[社説]保育死亡事故報告書 重い教訓 形にせねば

 元気ならもうすぐ2歳。親子でおしゃべりを楽しむこともできたはずなのに、その機会は永遠に訪れない。

 2022年7月、那覇市内の認可外保育施設で生後3カ月の男の子が死亡した事故で、市が設置した検証委員会が報告書をまとめた。

 必要な健康観察や安全確認を怠った園の責任、その園の安全管理の不備を見逃した行政の責任を厳しく指摘する。

 男児は一時預かりを利用しており、母親が迎えに行った際、異変に気付いた。心肺停止の状態で病院に運ばれ、その後、死亡が確認された。

 報告書によると、窒息事故や乳幼児突然死症候群のリスクが高まる「うつぶせ寝」にさせられ、睡眠時の呼吸確認も不十分だったという。

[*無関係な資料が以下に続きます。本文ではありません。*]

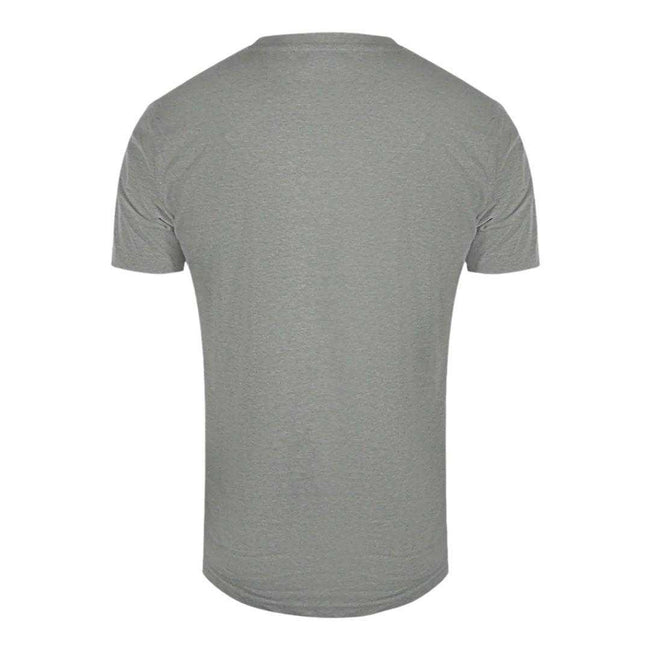 Grey Melange - Back - Cavalli Class Mens Tiger Print Logo T-Shirt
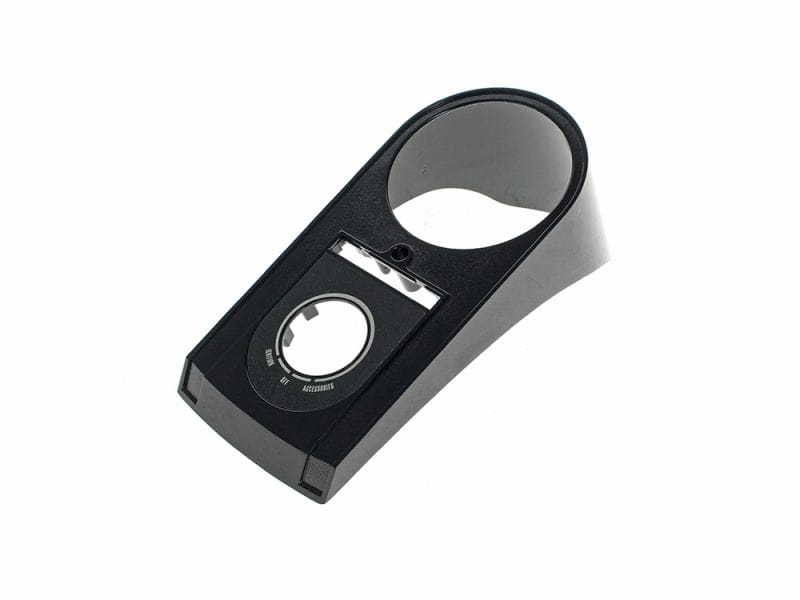 Black motorcycle remote key fob holder for Revelry Motorcycles accessories.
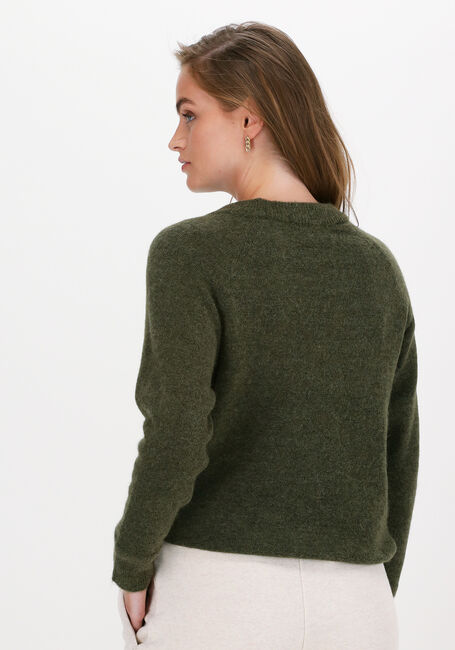 SELECTED FEMME Pull LULU LS KNIT O-NECK B en vert - large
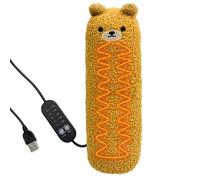 Sulxyi Electric Heat Pad, Period PainRelief, Menstrual Heating Pad, Cat Plush Design USB Powered Multiple Temperature Settings Soft & Comfortable for Women Kids Teenage Girls Mum
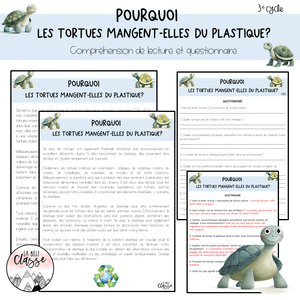 Pourquoi les tortues mangent-elles du plastique ?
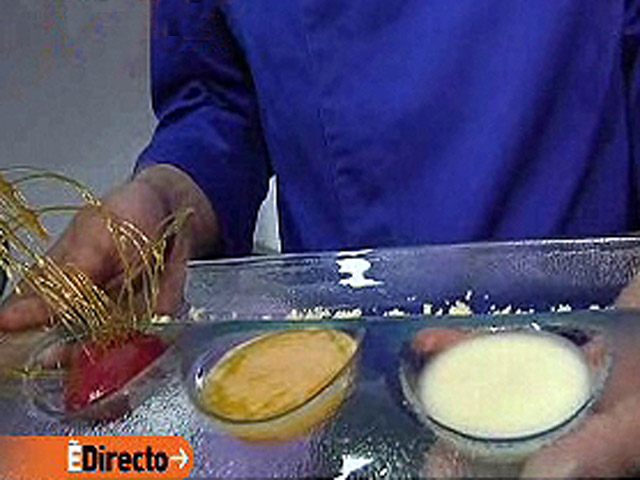 Espa&ntilde;a Directo - Sopa de queso con frambuesa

 職員の1人は早い段階で異変に気付くが、施設長は状況を確認せず、救急要請するなどの対応も取らなかった。園には事故予防マニュアルがなく、人員基準も満たされていなかった。

 保育環境も保育方法も保育所運営も、幼い命を預かる施設として、あまりにずさんである。  

 検証委は20回余にわたる会議で職員や利用者、遺族ら計27人から聞き取り調査を行った。しかし当日現場にいた施設長からは話を聞いていない。本人が調査に応じなかったためだ。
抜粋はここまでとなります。